SARS-CoV-2 seroprevalence rates of children seeking medical care in Louisiana during the state stay at home order

Monika L Dietrich a, Elizabeth B Norton b, Debra Elliott a, Ashley R Smira a, Ofek Raviv i, Daniel J Sasson i, Chandler H Monk b, Madalyn L Michael b, Nathaniel Rogers h, Julie A Rouelle a, Nell G Bond a, Kéren Aime-Marcelin a, Alisha Prystowsky a, Rebecca Kemnitz a, Arunava Sarma a, Sarah Talia Himmelfarb a,g, Neha Sharma a, Addison E Stone b, Randall Craver d,e, Alyssa R Lindrose c, Leslie A Smitley a, Robert B Uddo d, Leann Myers f, Stacy S Drury a,c,d, John S Schieffelin a,g, James E Robinson a, Kevin J Zwezdaryk b,
PMCID: PMC8590598  PMID: 35262027

Abstract

Serologic testing of residual blood samples from 812 children from a hospital in New Orleans, LA, between March and May 2020, demonstrated a SARS-CoV-2 seroprevalence of 6.8% based on S and N protein IgG; Black and Hispanic children, and children living in zip codes with lower household incomes were over-represented.

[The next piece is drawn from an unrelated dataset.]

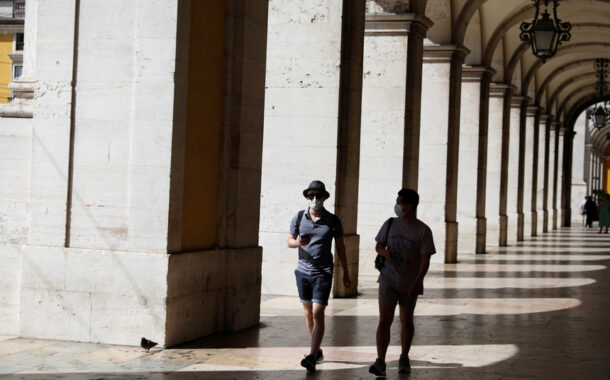 Mais 849 casos e cinco mortes em Portugal. Quinto pior dia desde Março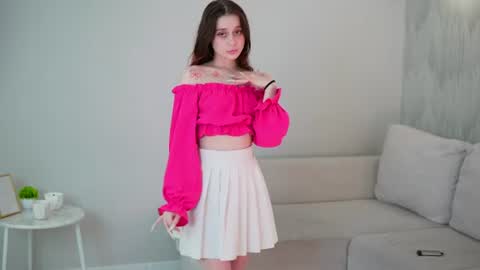 Snapshot of isisschwendinger chatting on 06.15.26 Linet online show from 06.15.26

Abbreviations: SARS-CoV-2, Severe acute respiratory syndrome coronavirus 2; ELISA, enzyme-linked immunosorbent assay

Keywords: SARS-CoV-2, COVID-19, Seroprevalence, Children

Introduction

Children with acute coronavirus disease 2019 (COVID-19) typically have milder symptoms than adults, thus it is likely that more children are infected than tested [1]. SARS-CoV-2 virus shed by asymptomatic, pre-symptomatic, or mildly symptomatic subjects has likely contributed to the spread of the virus [2]. High level shedding has been demonstrated in infected children, even those who are asymptomatic; therefore, children may be efficient vectors of transmission [3], [4], [5]. There is a critical and urgent need to understand the levels of past and current infection in children, and their roles in viral transmission. Serological studies have largely been limited to adults. Our objective was to define SARS-CoV-2 seroprevalence in children seeking medical care during the first Stay at Home Order in New Orleans, Louisiana, from March through May 2020.

Methods

With approval of the Tulane Institutional Review Board we collected residual blood samples from the regional children's hospital in Orleans Parish, Louisiana between March 18th-May 15th, 2020, during which a Stay-at-Home Order was in place. Samples were from children ≤18 years of age who had blood drawn as part of their care in the hospital or ambulatory clinics. Residual samples were released seven days after blood draw. Serum or plasma was isolated, heat inactivated for 30 min at 56 °C, and stored at −20 °C until analyzed. All samples were deidentified and tested blinded in regard to SARS-CoV-2 infection status or clinical presentation at the time of blood collection.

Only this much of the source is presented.